## To do
Omit the pictures and return exactly the stretch of the material below from the line with "VC-2791]Veritecoeur(ヴェリテクール) ウールフラノブルゾン アウター" through the line with "Bijlmer Arena to".

## Dataset
----
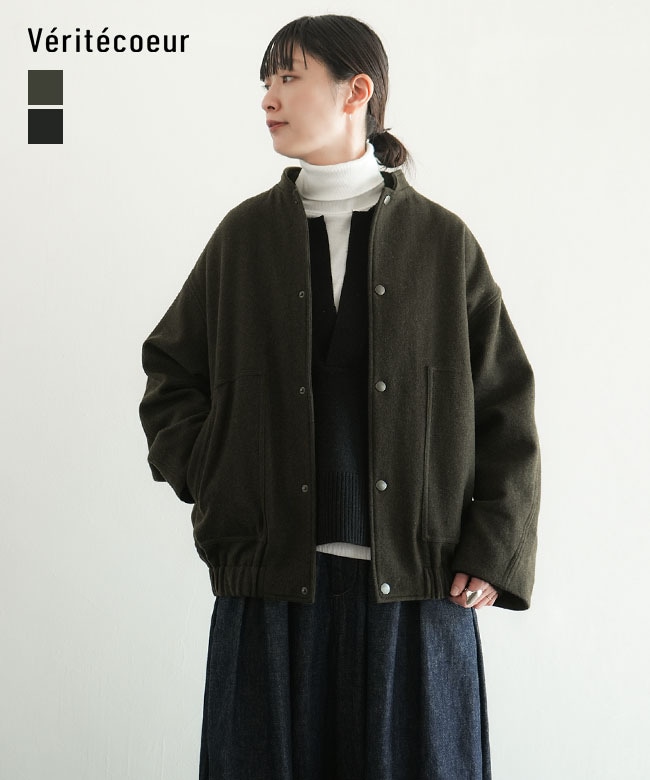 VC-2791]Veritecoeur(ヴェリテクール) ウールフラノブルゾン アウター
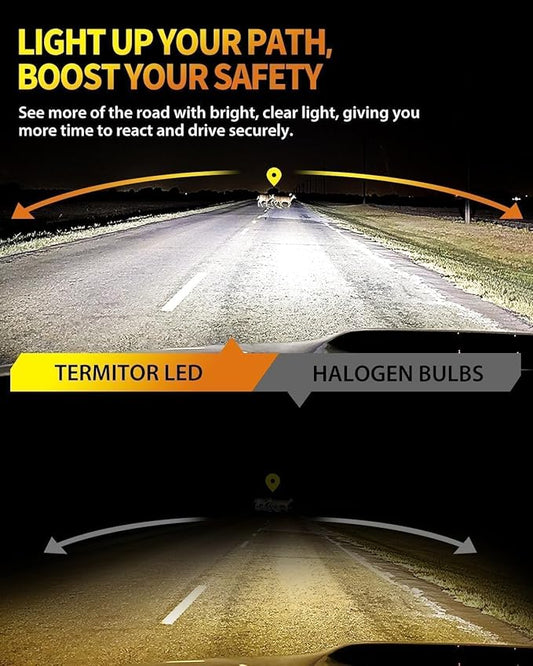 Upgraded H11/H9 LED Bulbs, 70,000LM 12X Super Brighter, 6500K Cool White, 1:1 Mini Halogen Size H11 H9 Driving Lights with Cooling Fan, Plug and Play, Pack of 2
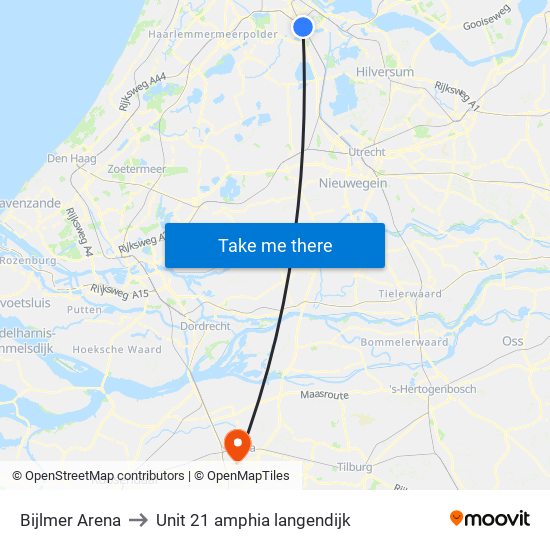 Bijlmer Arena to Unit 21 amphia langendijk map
----
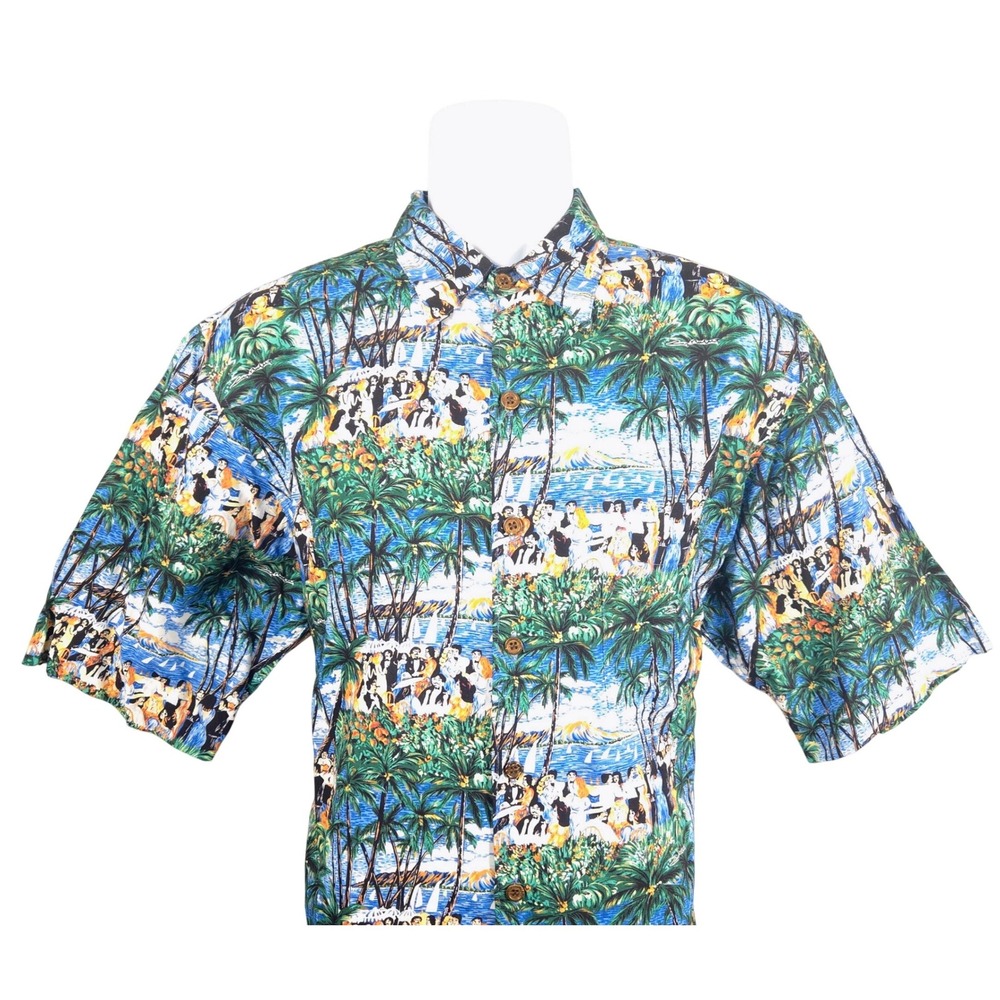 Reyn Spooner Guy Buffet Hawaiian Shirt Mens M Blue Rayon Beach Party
----
## Written response
 VC-2791]Veritecoeur(ヴェリテクール) ウールフラノブルゾン アウター
 Upgraded H11/H9 LED Bulbs, 70,000LM 12X Super Brighter, 6500K Cool White, 1:1 Mini Halogen Size H11 H9 Driving Lights with Cooling Fan, Plug and Play, Pack of 2
 Bijlmer Arena to Unit 21 amphia langendijk map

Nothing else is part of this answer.